In this conflicted and divided Brazil, it is remarkable when academics and evangelicals agree. This rare alignment took place after the publication of the article “‘Narcopentecostalism’: evangelical drug dealers use religion in the fight for territories in Rio”, by BBC Brazil, reproduced by this Folha and by O Globo last week.
It is a long and thoughtful text, with the perspectives of several researchers on the relationship between crime and religion. The problem was the use of the term “narco-Pentecostalism” in the title, which has two effects: it attracts the attention of readers through sensationalism and strengthens the idea, among evangelicals, that the mainstream press, especially Folha and Globo, persecute and defame these Christians.
Pastor Silas Malafaia criticized her in a live: “It is ridiculous to try to link evangelicals to drug trafficking. If some scoundrel pastor is selling himself to a drug dealer, he will answer before God and does not represent us. [numericamente] representative of who we are”.

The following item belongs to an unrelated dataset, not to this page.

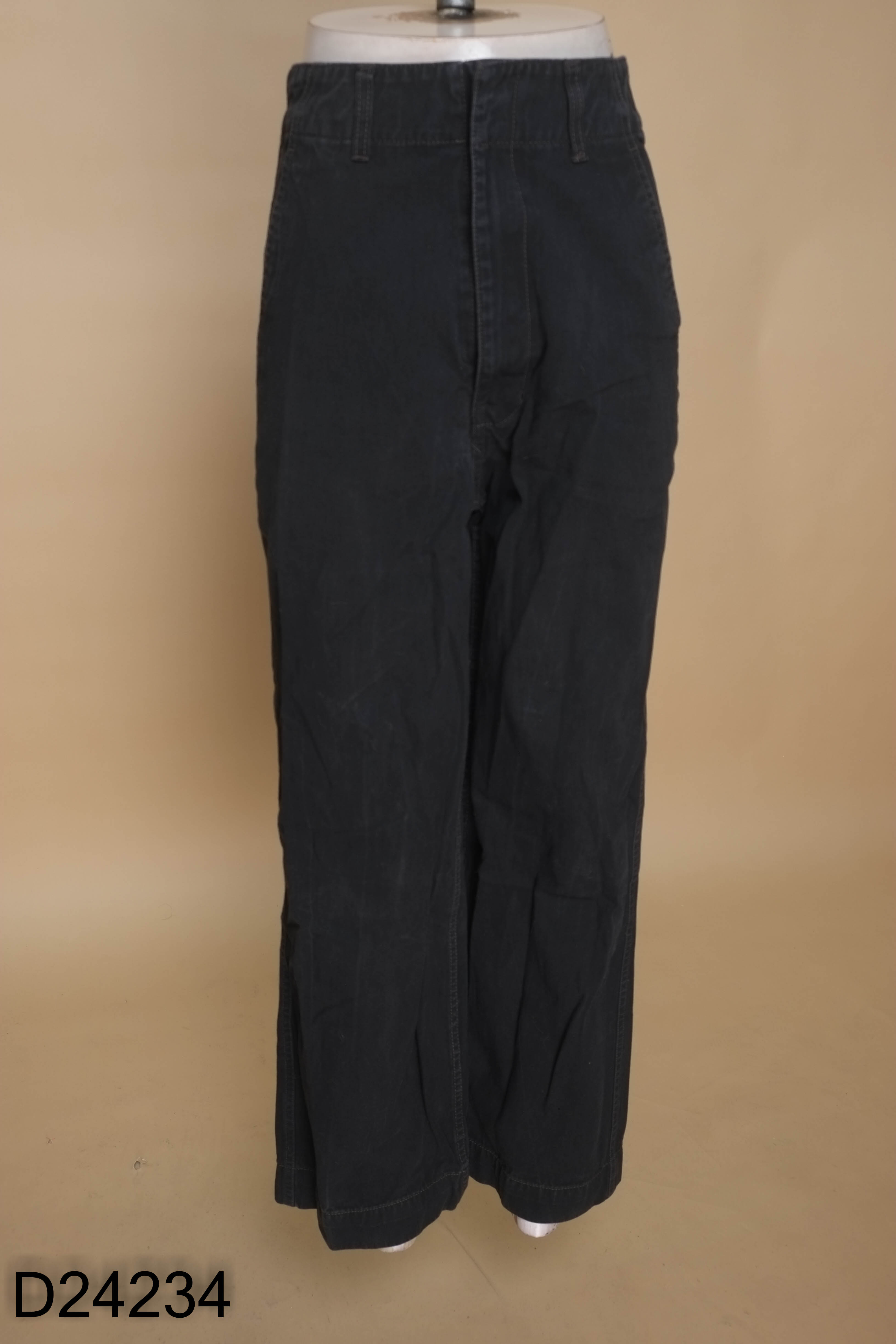 Quần jeans đen trơn ống rộng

Sociologist Diogo Corrêa asked: “Are there secular drug dealers?” He is the author of the recently published “Anjos de Fuzil” (EdUerj), about the relationship between crime and religion in Cidade de Deus, Rio de Janeiro. For him, drug dealers and evangelicals influence each other in a complex way in favelas, but this has not led to a merger. “After all”, Diogo analyses, “residents, drug dealers and believers in Cidade de Deus continue to know how to differentiate between a drug dealer and a believer”.
UFF anthropologist Christina Vital has studied the religious landscape in Rio de Janeiro’s favelas since the 2000s. She wrote about the report: “Today, there are no churches whose leadership and membership are active drug dealers, much less can we speak of churches led by pastors who serve exclusively traffickers. The approach of these traffickers, more often than not, happens because of the demand for protection or the moral values of reference that they share because they live in areas where the evangelical presence is dominant”.
These criticisms are nothing new. In 2019, Época magazine highlighted the article “Between Bibles and rifles” on its cover. Deputy and pastor Otoni de Paula criticized: “Everyone knows that drug dealers go to the terreiros to take a shower, wrap their bodies up to go to the track. Here, this deputy did not attack African-based religions, just to show that there is an organized attack on evangelical churches in Brazil”.
Instead of highlighting information that reinforces stigmas, there is a way of questioning them to point out how the evangelical phenomenon is diverse and surprising. The magazine Piauí did this last week by publishing a profile with the suggestive title: “An evangelical and anti-fascist in the elite of the troop”.